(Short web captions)
=== Section Start ===

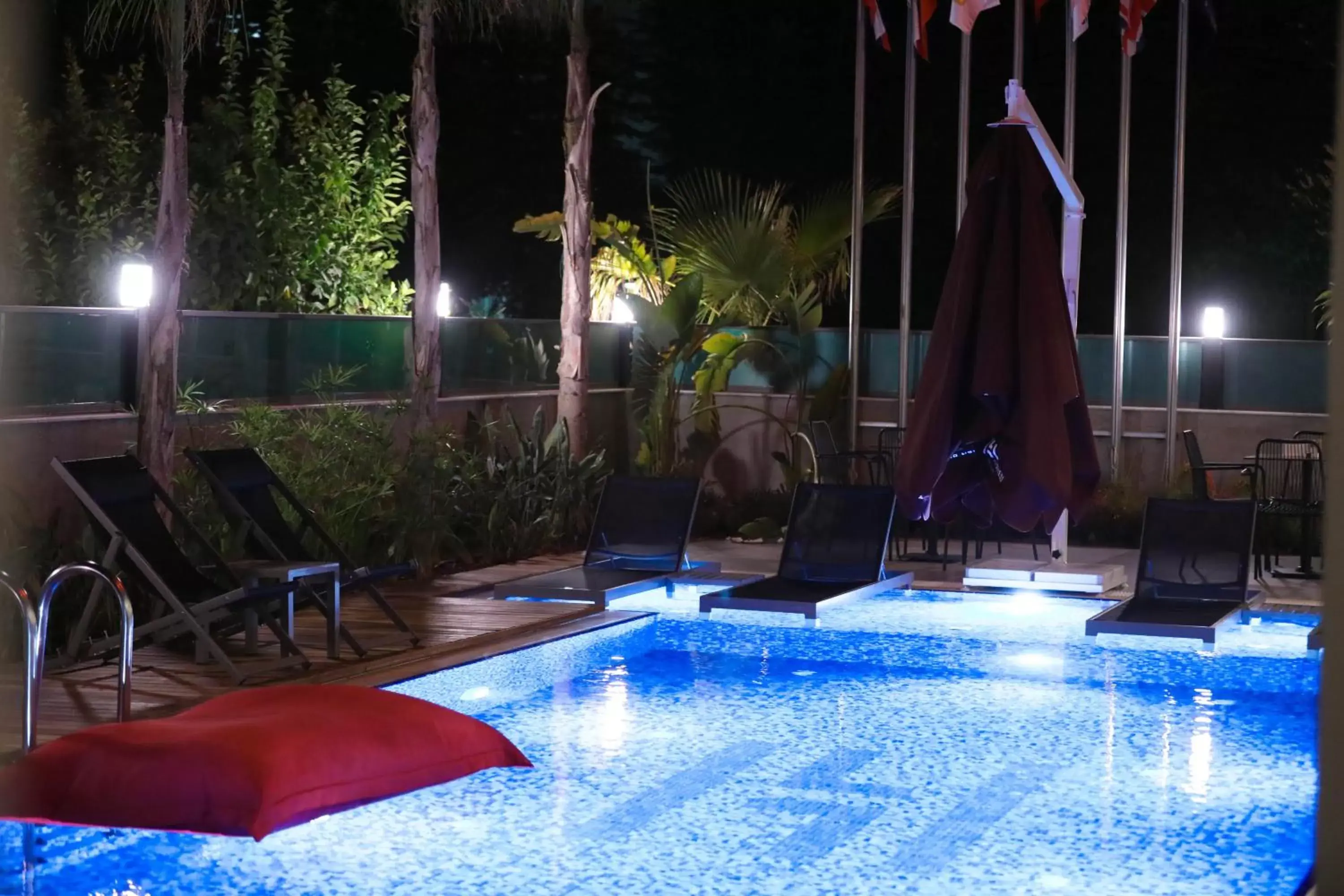 Night, Swimming Pool in Laren Sea Side Hotel Spa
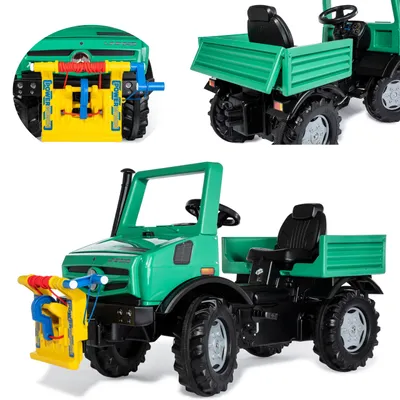 Image de Rolly Toys RollyUnimog Forst  Mercedes-Benz  Treuil - Camion à pédales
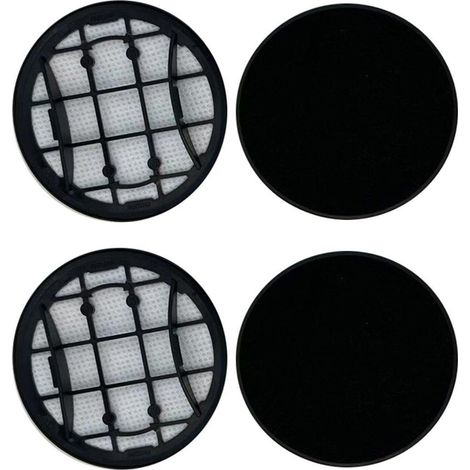 Cartouches filtrantes de rechange pour Philips VC 7000/8000, lot de 2, cartouches filtrantes en mousse lavables et cartouches filtrantes d'entrée d'air (1/5)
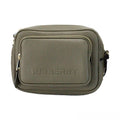Burberry Small Branded Dark Fern Green Grainy Leather Camera Crossbody Bag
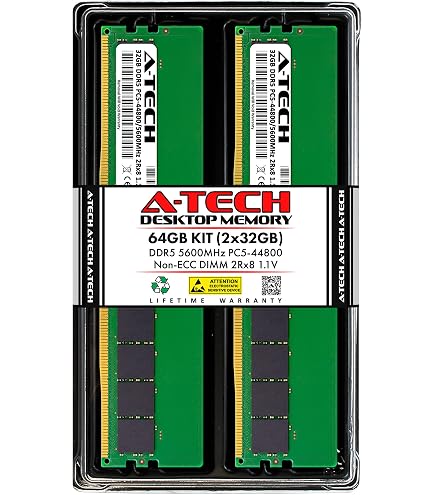 Amazon.co.jp: A-Tech 64GB (2x32GB) DDR5 4800 MHz SODIMM PC5-38400
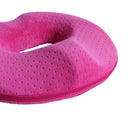Inflatable  Bum Back Car Home Pressure Relief Ring Cushion Rose Red
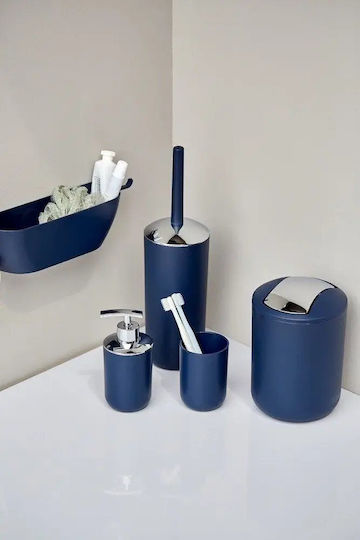 Wenko Perie De Toaletă Din Plastic Albastră Pentru Baie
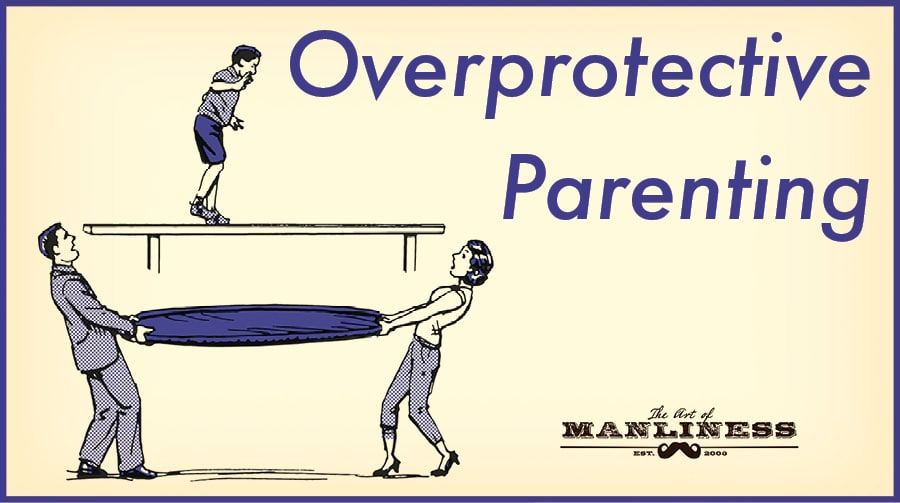 Overprotective Parenting illustration.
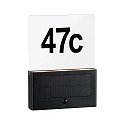 Número de casa iluminado NEDA PIR con detector de movimiento LED IP44, antracita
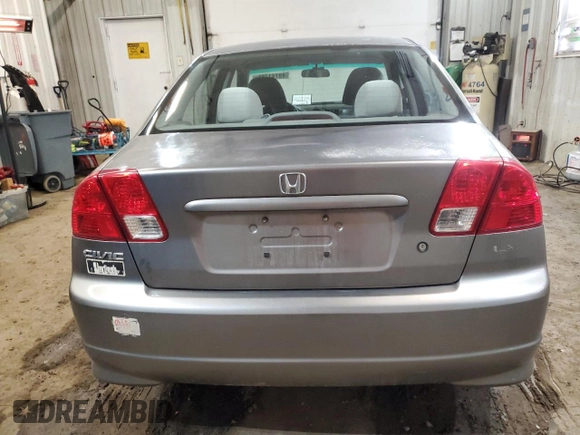 2004 Honda Civic LX with VIN 2HGES16594H615805, listed as a Copart auction lot 49741785 with 194,216 mi miles and Salvage Title. Bid and sale history available at carsss.com. Image 6.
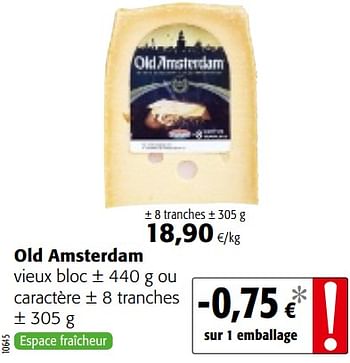 Promotions Old amsterdam vieux bloc ou caractère - Old Amsterdam - Valide de 07/11/2018 à 20/11/2018 chez Colruyt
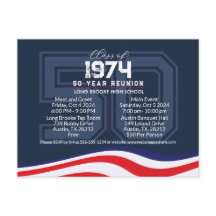 Patriottische 50 jaar High School Class Reunion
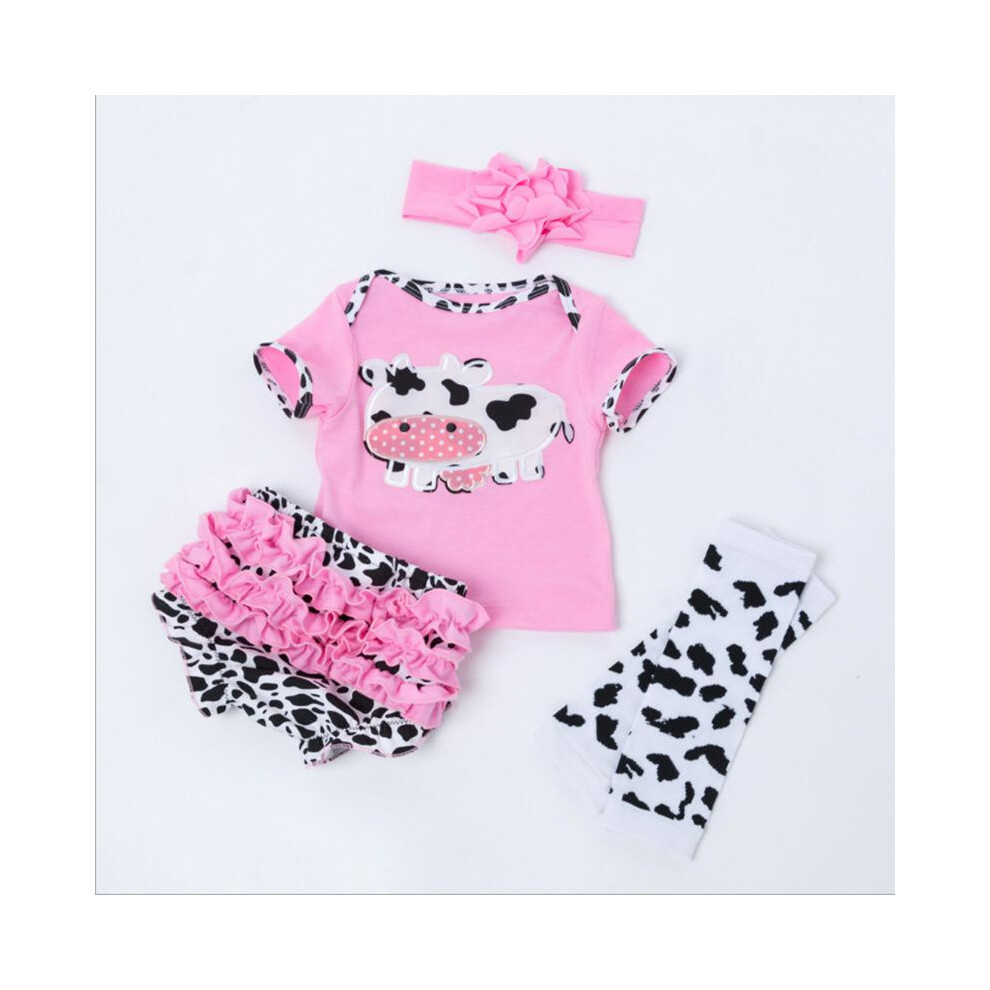 (#16 Cow)Vêtements robe barboteuse réaliste bébé poupées pour 2223 reborn bébé fille poupée garçon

=== Section End ===

What is needed is a word-for-word restatement of the lines from the one holding "Patriottische 50 jaar" to the final line of the data above, inclusive, without any pictures.

→ **Result of this task**
 Patriottische 50 jaar High School Class Reunion
 (#16 Cow)Vêtements robe barboteuse réaliste bébé poupées pour 2223 reborn bébé fille poupée garçon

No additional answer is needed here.